Task directions: Reproduce the entries below exactly, but only from the line containing "Relief Wave Massage" to the line containing "10CC - The Original", inclusive.
· · ·
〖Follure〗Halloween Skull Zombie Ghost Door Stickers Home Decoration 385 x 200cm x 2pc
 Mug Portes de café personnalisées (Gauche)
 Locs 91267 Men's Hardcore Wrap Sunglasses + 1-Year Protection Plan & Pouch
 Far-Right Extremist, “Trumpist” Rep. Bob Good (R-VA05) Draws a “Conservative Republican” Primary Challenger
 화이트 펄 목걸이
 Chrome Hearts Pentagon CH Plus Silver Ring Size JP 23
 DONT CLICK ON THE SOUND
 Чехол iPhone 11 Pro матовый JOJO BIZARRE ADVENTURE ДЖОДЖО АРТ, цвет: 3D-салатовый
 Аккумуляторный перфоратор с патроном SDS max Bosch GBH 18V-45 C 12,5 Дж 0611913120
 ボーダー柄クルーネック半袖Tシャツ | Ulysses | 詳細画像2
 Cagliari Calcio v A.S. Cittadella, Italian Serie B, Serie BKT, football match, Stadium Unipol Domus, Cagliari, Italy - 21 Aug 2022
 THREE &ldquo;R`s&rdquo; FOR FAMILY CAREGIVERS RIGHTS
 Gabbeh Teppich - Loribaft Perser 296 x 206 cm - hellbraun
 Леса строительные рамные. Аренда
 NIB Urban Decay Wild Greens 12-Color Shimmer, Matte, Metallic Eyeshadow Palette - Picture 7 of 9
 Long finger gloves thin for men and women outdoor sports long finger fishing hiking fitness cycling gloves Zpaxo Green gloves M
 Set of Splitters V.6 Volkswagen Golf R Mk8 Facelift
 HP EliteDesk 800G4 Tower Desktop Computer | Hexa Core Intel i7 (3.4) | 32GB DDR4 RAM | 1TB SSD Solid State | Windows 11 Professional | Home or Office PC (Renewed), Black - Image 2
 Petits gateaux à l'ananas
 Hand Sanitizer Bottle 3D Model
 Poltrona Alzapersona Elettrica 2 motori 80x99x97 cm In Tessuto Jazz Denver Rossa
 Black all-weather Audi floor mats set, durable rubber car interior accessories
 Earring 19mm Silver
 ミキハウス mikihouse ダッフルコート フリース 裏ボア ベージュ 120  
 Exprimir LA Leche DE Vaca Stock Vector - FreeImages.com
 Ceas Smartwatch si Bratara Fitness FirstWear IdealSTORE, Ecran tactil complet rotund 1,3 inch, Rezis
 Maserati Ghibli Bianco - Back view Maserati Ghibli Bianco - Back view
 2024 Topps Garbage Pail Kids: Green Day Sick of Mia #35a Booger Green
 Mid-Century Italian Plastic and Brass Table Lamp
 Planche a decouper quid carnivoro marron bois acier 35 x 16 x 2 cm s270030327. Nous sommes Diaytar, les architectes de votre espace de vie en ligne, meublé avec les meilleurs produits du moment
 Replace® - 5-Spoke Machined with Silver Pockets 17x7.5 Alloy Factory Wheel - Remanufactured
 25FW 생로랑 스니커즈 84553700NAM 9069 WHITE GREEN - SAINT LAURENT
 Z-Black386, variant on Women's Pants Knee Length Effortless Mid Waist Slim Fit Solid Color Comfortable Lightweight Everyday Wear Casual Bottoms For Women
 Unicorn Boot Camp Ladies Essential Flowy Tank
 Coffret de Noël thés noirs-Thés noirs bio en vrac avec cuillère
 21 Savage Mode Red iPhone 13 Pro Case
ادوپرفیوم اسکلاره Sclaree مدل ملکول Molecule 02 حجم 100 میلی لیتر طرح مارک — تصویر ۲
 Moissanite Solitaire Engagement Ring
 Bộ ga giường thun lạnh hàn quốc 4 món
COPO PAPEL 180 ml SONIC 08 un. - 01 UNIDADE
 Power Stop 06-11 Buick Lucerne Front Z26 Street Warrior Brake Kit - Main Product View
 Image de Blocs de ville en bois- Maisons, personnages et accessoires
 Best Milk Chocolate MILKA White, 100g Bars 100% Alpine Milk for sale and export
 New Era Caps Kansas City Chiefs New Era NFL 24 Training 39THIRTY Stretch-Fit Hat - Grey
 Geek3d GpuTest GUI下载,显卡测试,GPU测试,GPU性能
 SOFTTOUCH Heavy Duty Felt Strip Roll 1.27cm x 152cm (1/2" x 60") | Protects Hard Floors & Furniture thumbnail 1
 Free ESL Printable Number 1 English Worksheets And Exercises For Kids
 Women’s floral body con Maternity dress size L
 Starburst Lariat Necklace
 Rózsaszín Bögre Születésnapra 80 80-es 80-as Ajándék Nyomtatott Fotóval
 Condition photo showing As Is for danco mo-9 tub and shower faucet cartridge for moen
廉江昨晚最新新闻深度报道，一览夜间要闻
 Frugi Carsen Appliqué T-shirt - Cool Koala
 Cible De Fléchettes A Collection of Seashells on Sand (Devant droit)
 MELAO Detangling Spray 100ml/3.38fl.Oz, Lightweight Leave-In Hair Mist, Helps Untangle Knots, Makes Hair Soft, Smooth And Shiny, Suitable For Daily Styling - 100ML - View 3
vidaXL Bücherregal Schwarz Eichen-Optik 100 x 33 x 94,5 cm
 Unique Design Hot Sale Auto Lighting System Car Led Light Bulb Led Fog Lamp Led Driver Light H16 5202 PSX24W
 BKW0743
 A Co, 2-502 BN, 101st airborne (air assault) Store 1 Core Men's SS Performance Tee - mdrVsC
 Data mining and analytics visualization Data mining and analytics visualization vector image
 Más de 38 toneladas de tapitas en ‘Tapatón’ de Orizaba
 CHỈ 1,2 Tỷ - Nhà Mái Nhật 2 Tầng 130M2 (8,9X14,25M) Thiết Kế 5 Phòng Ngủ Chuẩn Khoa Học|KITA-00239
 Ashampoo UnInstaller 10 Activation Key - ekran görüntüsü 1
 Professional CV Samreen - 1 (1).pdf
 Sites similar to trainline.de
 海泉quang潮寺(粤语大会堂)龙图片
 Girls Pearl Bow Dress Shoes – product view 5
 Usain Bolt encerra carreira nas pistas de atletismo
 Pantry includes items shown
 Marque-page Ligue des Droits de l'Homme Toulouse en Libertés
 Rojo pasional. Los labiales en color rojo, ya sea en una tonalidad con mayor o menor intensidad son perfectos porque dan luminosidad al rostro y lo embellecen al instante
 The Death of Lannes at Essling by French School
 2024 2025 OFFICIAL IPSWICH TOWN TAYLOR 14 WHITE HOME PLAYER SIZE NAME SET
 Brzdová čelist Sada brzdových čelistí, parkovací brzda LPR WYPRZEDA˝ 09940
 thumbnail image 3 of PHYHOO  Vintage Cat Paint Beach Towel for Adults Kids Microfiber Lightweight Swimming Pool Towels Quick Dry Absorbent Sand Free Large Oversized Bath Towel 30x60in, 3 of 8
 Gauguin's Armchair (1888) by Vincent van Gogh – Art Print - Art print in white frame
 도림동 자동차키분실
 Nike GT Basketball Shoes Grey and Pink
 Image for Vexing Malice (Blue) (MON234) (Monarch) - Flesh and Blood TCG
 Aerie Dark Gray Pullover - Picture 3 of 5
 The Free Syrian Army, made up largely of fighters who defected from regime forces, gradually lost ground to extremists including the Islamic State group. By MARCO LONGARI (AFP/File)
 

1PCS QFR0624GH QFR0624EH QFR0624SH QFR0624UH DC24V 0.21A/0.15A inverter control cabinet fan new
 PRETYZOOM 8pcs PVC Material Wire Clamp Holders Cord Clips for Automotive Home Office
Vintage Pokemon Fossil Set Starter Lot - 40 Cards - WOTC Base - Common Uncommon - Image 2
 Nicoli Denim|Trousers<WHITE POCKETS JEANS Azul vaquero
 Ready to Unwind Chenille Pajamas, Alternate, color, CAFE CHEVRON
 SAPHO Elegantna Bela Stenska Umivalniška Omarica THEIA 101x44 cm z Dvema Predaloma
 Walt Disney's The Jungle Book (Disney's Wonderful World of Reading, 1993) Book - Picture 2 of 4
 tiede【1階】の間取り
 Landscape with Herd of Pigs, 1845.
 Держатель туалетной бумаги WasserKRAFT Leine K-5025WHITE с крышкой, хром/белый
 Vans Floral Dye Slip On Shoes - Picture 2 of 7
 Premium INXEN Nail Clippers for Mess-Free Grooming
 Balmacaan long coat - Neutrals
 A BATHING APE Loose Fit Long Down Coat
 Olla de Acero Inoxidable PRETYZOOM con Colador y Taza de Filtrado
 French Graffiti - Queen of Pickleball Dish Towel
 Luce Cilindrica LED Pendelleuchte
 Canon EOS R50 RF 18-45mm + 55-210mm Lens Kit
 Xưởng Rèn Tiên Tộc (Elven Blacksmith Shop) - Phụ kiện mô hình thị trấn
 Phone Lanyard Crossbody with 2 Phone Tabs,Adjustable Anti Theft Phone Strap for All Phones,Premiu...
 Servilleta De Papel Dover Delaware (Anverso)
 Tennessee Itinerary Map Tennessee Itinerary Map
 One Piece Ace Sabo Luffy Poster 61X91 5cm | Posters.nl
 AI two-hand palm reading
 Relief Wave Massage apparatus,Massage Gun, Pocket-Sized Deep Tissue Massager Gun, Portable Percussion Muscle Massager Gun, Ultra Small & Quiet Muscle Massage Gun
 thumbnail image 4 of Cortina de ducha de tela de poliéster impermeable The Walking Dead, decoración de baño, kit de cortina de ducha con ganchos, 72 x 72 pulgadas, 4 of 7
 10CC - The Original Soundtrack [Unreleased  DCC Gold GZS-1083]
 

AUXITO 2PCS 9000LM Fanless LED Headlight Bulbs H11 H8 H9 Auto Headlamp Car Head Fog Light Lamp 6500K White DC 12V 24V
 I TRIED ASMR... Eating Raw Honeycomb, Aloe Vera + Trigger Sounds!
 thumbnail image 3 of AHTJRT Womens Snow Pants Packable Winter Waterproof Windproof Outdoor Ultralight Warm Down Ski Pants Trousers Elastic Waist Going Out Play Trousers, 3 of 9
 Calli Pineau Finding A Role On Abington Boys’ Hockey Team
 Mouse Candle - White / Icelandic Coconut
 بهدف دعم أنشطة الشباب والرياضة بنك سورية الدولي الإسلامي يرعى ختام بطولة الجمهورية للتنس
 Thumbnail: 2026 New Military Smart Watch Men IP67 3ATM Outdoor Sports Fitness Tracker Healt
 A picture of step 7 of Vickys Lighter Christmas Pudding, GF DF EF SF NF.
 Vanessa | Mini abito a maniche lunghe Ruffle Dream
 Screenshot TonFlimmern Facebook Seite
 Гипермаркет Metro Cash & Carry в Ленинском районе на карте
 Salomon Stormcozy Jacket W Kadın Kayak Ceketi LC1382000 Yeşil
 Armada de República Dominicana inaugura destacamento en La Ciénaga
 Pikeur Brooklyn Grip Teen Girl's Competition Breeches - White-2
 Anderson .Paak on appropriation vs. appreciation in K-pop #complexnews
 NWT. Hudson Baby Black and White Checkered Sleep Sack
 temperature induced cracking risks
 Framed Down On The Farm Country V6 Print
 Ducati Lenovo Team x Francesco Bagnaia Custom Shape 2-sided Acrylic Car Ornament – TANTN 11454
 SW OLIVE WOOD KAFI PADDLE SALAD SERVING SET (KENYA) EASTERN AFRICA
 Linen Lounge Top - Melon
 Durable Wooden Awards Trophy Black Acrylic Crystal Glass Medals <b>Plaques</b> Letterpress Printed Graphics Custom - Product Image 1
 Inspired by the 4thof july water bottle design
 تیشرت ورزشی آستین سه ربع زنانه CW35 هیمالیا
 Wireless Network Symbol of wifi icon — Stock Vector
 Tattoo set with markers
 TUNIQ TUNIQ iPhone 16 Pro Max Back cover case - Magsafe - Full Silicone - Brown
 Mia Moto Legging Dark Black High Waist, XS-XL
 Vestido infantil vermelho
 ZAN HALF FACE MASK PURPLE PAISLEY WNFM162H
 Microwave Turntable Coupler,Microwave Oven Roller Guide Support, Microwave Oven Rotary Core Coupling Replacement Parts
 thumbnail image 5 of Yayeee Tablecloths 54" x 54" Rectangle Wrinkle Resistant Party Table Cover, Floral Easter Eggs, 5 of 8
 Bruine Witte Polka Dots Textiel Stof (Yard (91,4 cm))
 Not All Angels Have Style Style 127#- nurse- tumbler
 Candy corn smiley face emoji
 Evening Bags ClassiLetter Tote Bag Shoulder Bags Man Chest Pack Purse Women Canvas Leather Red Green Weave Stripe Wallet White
· · ·
Response area:
 Relief Wave Massage apparatus,Massage Gun, Pocket-Sized Deep Tissue Massager Gun, Portable Percussion Muscle Massager Gun, Ultra Small & Quiet Muscle Massage Gun
 thumbnail image 4 of Cortina de ducha de tela de poliéster impermeable The Walking Dead, decoración de baño, kit de cortina de ducha con ganchos, 72 x 72 pulgadas, 4 of 7
 10CC - The Original Soundtrack [Unreleased  DCC Gold GZS-1083]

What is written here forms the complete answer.